Records to use =
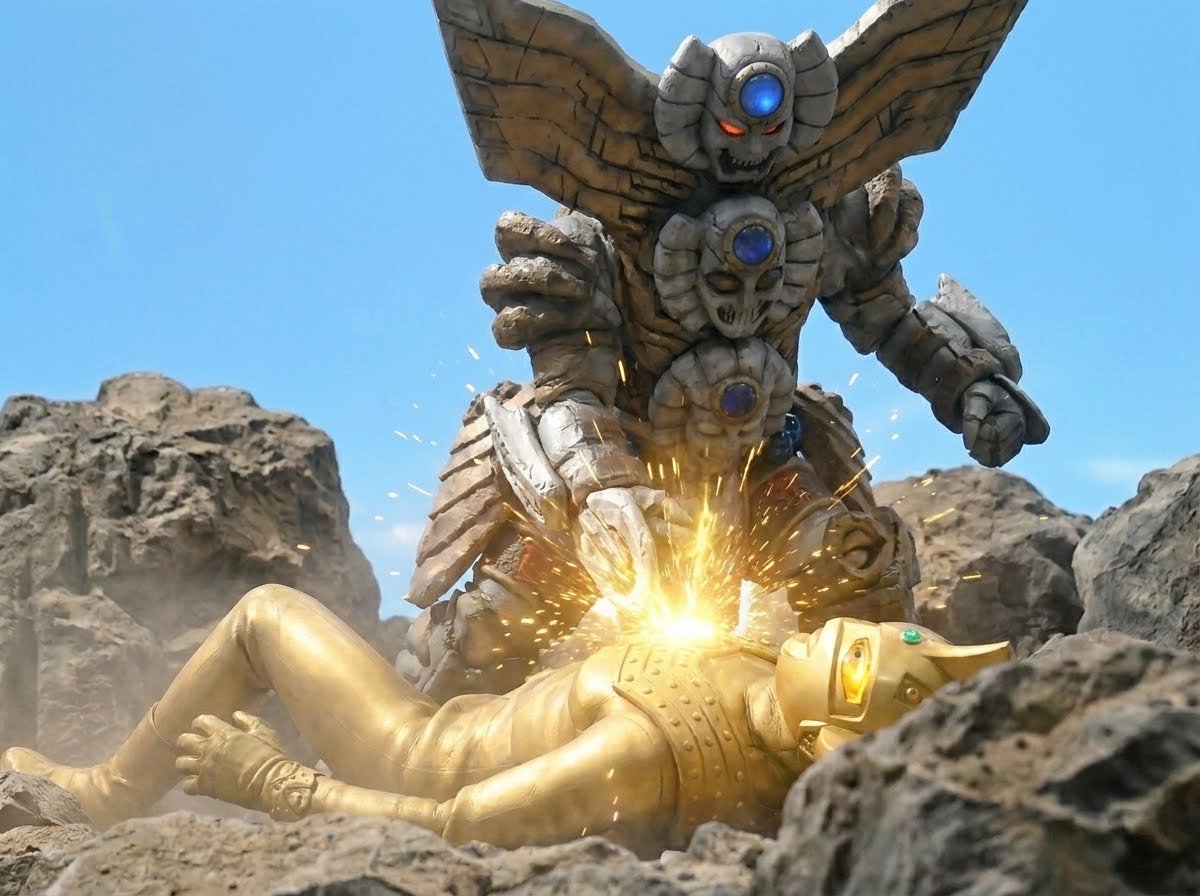 uenookachi12's tweet image. #生成AI #Flow #ウルトラマンタロウ #やられ。
ウルトラマンメビウス、父の背中。よりジャシュラインに敗北してしまったシーンより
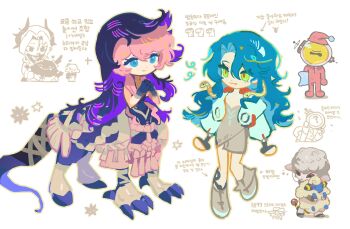 Rule 34 | 1boy, 6+girls, 98sikk, :3, ?, animal, animal hug, argus (reverse:1999), barbara (reverse:1999), black dress, black hands, blue eyes, blue hair, blue veil, boots, carbuncle (reverse:1999), centauroid, chibi, chimera, colored extremities, dress, fang, fang out, ferrofluid, fishbowl helmet, gen 2 pokemon, green eyes, grey boots, grey dress, hat, highres, hissabeth, holding, holding pillow, interlocked fingers, jacket, korean text, long hair, mareep, monster girl, ms. newbabel, multiple girls, nautika (reverse:1999), nightcap, nintendo, object head, own hands together, pajamas, pillow, pink hair, pink hat, pink pajamas, pokemon, red pupils, reverse:1999, sentinel (reverse:1999), smile, snake, snake on head, standing, tail, talons, taur, translation request, ulrich (reverse:1999), veil, white jacket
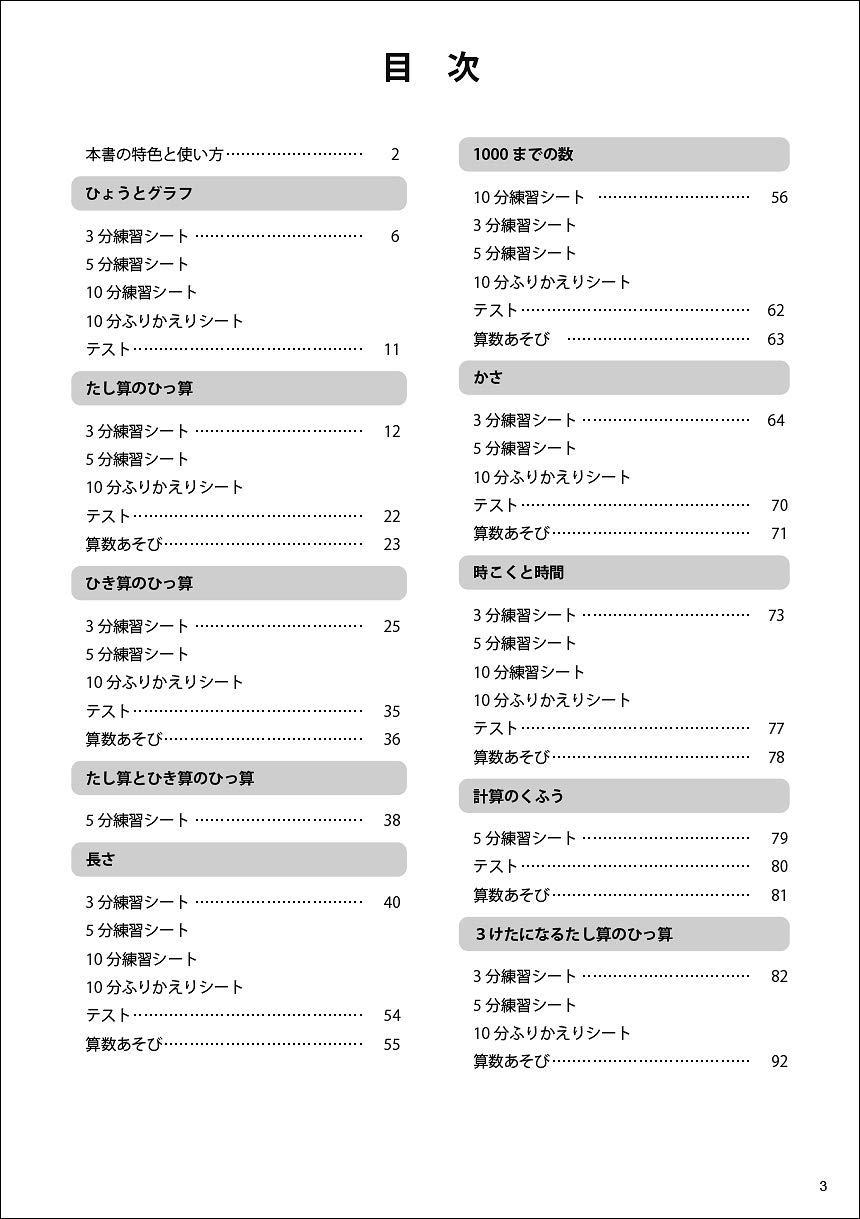 目次　「3分5分10分でできる 算数まるごと」 2年_1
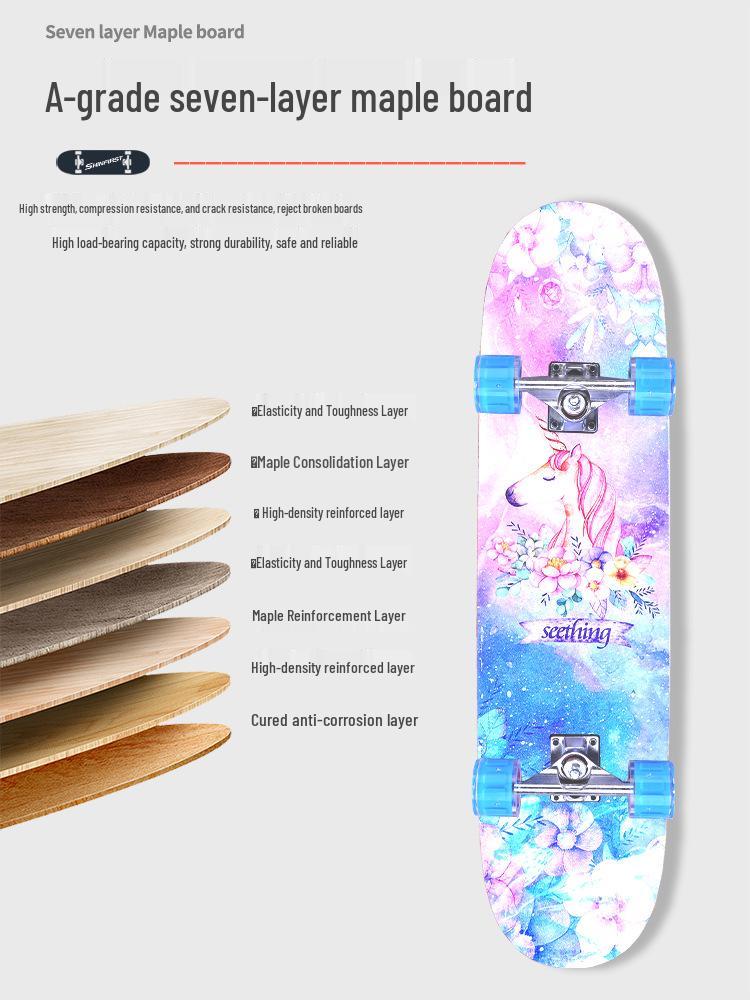 Pro Skateboard: Beginner-Ready Maple Longboard with Double Kick Deck for Adults & Kids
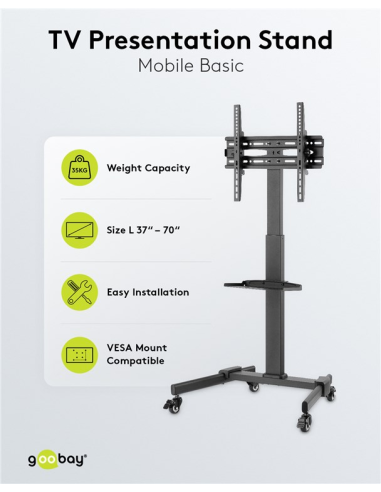 
59507 GOOBAY - Soporte de suelo ajustable 37-70" 35 Kg Goobay
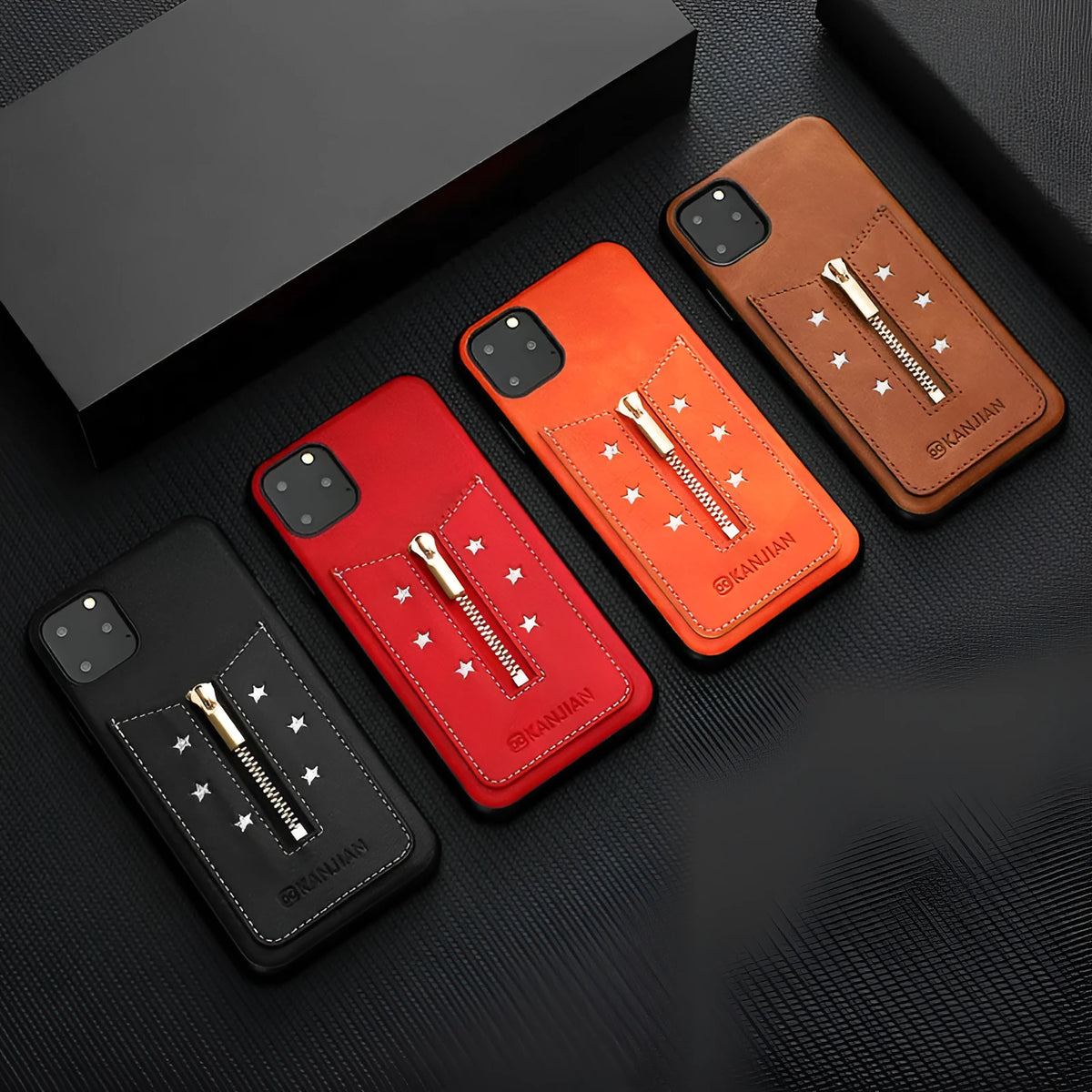 Black PU leather zipper phone case for iPhone, shown with the zipper open.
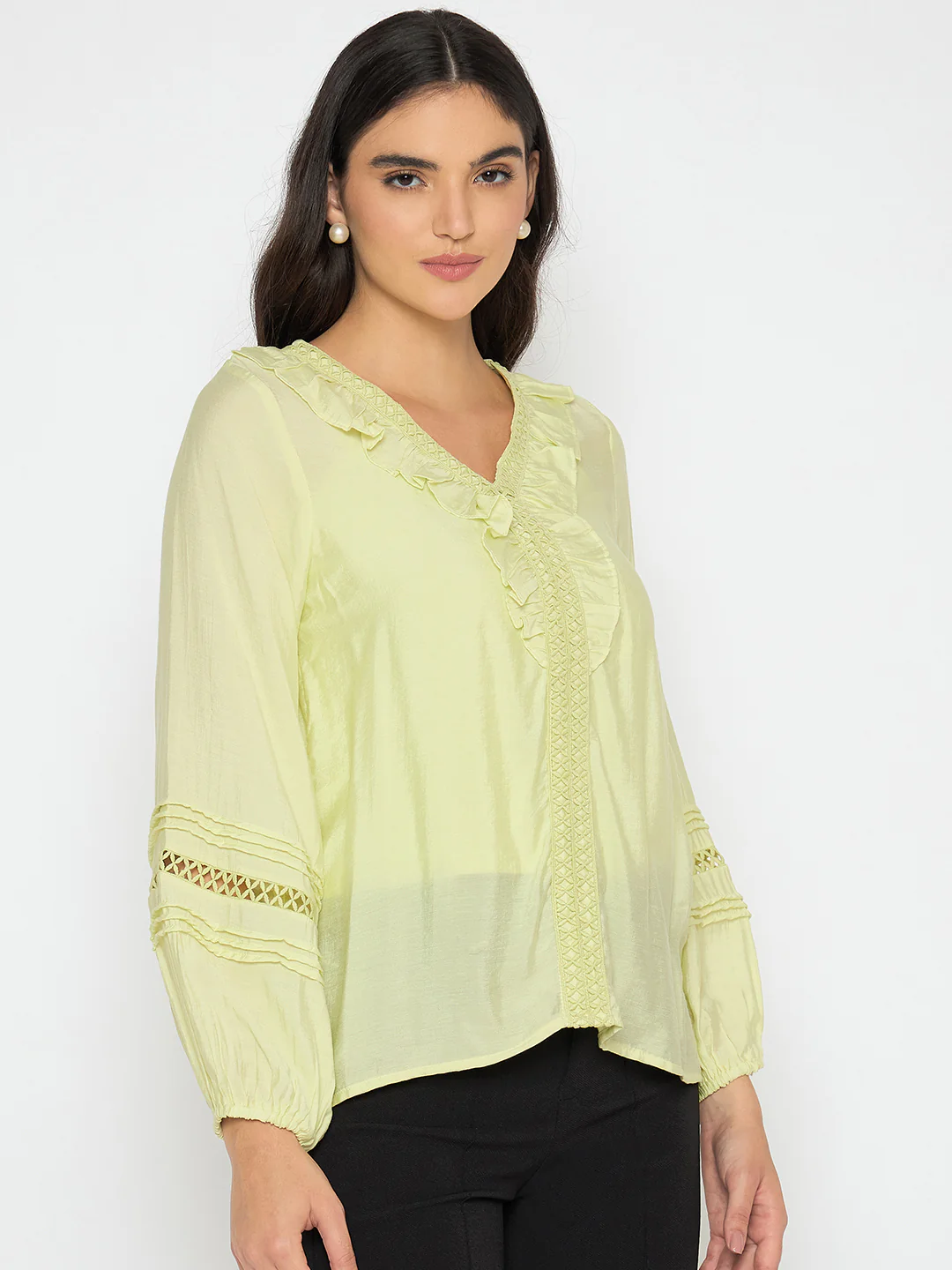 Madame Frill Neck Cool Matcha Viscose Blend Top - Image 4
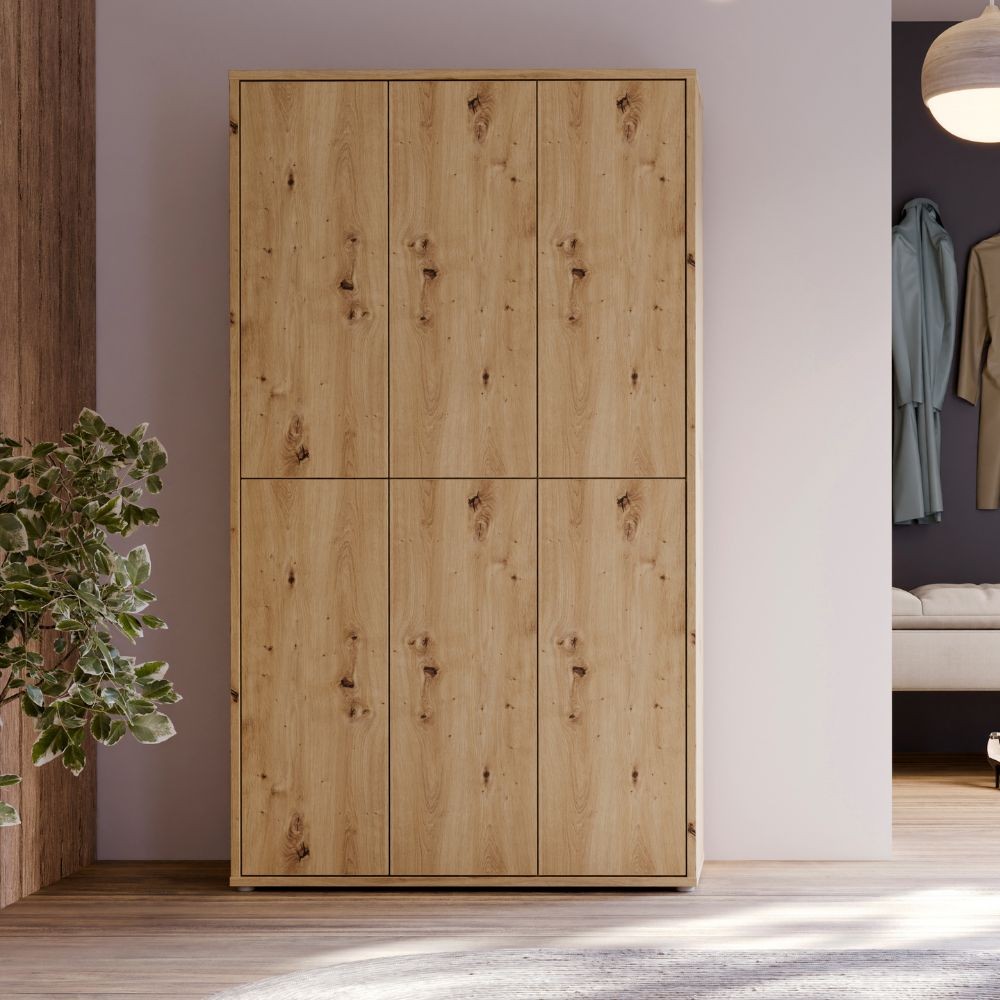 Armadio multiuso Medea 6 ante colore rovere 109.2x34.9xH191.9 cm. Armadio multiuso Medea 6 ante colore rovere 109.2x34.9xH191.9 cm.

Exercise details = Keep out the pictures, and copy exactly the lines from the one that contains "59507 GOOBAY - Soporte" through the final line of the records above, both ends included.

Exercise result =
59507 GOOBAY - Soporte de suelo ajustable 37-70" 35 Kg Goobay
 Black PU leather zipper phone case for iPhone, shown with the zipper open.
 Madame Frill Neck Cool Matcha Viscose Blend Top - Image 4
 Armadio multiuso Medea 6 ante colore rovere 109.2x34.9xH191.9 cm. Armadio multiuso Medea 6 ante colore rovere 109.2x34.9xH191.9 cm.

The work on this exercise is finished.